And no, it’s not backed up, because i seem to put backing up my shit in the same category as taking pills and calling people back and it just doesn’t happen, but sometimes when i’m trying to remember a poem i can google it and find something i blogged 10 years ago, and sometimes socks do show up in a box full of lids so i guess it’s worth trying.

the blue mountains march out of the sea

“On foot everything stays connected, for while walking one occupies the spaces between…interiors in the same way one occupies those interiors. One lives in the whole world…

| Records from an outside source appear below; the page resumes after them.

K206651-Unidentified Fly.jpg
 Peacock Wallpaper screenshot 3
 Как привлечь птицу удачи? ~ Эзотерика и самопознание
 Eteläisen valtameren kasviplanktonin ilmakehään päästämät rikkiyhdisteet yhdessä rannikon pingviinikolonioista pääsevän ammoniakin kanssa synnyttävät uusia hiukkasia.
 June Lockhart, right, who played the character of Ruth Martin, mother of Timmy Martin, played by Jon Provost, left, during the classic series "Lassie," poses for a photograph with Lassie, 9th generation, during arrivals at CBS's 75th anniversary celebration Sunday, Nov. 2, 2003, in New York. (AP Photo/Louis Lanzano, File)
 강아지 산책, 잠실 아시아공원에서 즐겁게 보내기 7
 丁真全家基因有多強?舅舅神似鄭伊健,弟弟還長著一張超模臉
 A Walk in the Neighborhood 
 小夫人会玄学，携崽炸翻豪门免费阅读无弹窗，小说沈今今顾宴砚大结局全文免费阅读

“…In the country one’s solitude is geographical–one is altogether outside society, so solitude has a sensible geographical explanation, and there is a kind of communion with the nonhuman. In the city, one is alone because the world is made up of strangers…”

(Rebecca Solnit)

We had a long layover in Seattle coming home from Ohio via Oregon, and took the train downtown from the airport for Indian food and some aimless wandering, which i’m finding less enjoyable as i get older and perhaps only partly because whenever i’m wandering in cities i end up buying books, which i then have to carry around for the remainder of the wandering. I bought a book of Anna Akhmatova’s poetry and Leslie Marmon Silko’s memoir, and we had an overpriced ginger beer just outside Pike St. Market, because it was something concrete and identifiable that i remembered from February in the rows of things to eat and buy. c bought socks at one of the gear stores that isn’t REI because he hadn’t done laundry and airport security lines were getting embarrassing, and i remembered when i was 20 and a guy conned me into something weird that i never understood by telling me some story about his wife having a baby and him losing his wallet and all he needed was for me to buy him socks at the Seattle REI and he was gonna do something to repay me, which never happened, of course, but somehow it put me into a good mood to walk into REI with this (to everyone else) clearly crazy man and buy him socks, getting weird looks from the beautiful Seattle REI people. So that made it worth it, even if, somehow, i lost 40 bucks in that deal.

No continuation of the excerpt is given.